Crise alimentaire en Afrique de l'Est: la main de l'homme, pas la fatalité

NAIROBI (© 2011 AFP) - La crise alimentaire en Afrique de l'Est a été déclenchée par une sécheresse exceptionnelle, mais son ampleur s'explique avant tout par des facteurs humains, que ce soit la guerre ou le sous-développement, soulignent plusieurs experts interrogés par l'AFP.
Crise alimentaire en Afrique de l'Est: la main de l'homme, pas la fatalité

© AFP Abdurashid Abikar. Des réfugiés somaliens attendent une distribution de nourriture, le 13 juillet 2011 à Mogadiscio

QUESTION: Quelle est l'origine de la crise humanitaire ?

REPONSE: L'élément déclencheur est une sécheresse provoquée par deux saisons consécutives sans pluie. Le Haut commissariat des Nations unies aux réfugiés évoque "la pire sécheresse en 60 ans" dans la région.

Il est difficile d'établir scientifiquement un lien avec le changement climatique, relève Alun McDonald, porte-parole d'Oxfam pour l'Afrique de l'Est. Ce qui est indéniable, c'est que les sécheresses surviennent de plus en plus fréquemment, et durent de plus en plus longtemps.

Q: Pourquoi ces crises humanitaires à répétition ?

R: "Les sécheresses sont cycliques et inévitables, ce qui ne l'est pas, c'est que cela débouche chaque fois sur une crise humanitaire", selon Alexander Matheou, représentant régional de la Fédération des sociétés de la Croix rouge en Afrique de l'Est.

En Somalie, la guerre civile depuis 1991 a destabilisé la société. 2,85 millions de Somaliens ont besoin d'une aide humanitaire, mais ils étaient déjà 2,4 millions en janvier.

Le nord du Kenya et le sud-est de l'Ethiopie, peuplées de nomades, ont été négligés pendant des décennies par leurs gouvernements. Dans le nord du Kenya en particulier, la quasi-absence de routes goudronnées, de centres de soins, de réseau électrique amplifie les effets de la sécheresse.

Q: Quelle est la gravité de la crise actuelle ?

R: Dix millions de personnes ont besoin d'une aide humanitaire.

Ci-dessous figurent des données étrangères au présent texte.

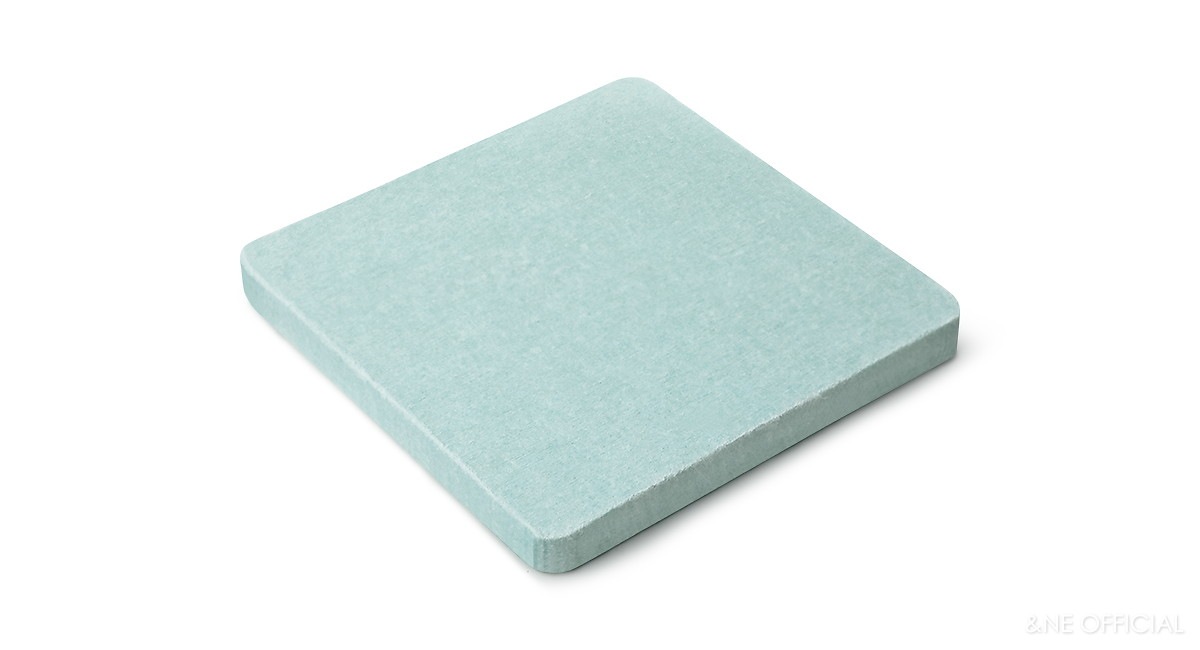 珪藻土コースター シカク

En Somalie, le niveau de malnutrition sévère des enfants est désormais le plus élevé au monde. Dans le nord du Turkana (extrême nord du Kenya), le taux général de malnutrition est monté à 37% contre 15% l'an dernier.

"Par rapport à 2008 ou 2009, la crise touche un nombre plus réduit de personnes, mais en terme d'acuité, c'est sans doute la pire depuis les années 9O", selon M. McDonald.

Il ne s'agit toutefois pas d'une famine comme dans les années 80 en Ethiopie.

Q: L'aide internationale fonctionne-t-elle ?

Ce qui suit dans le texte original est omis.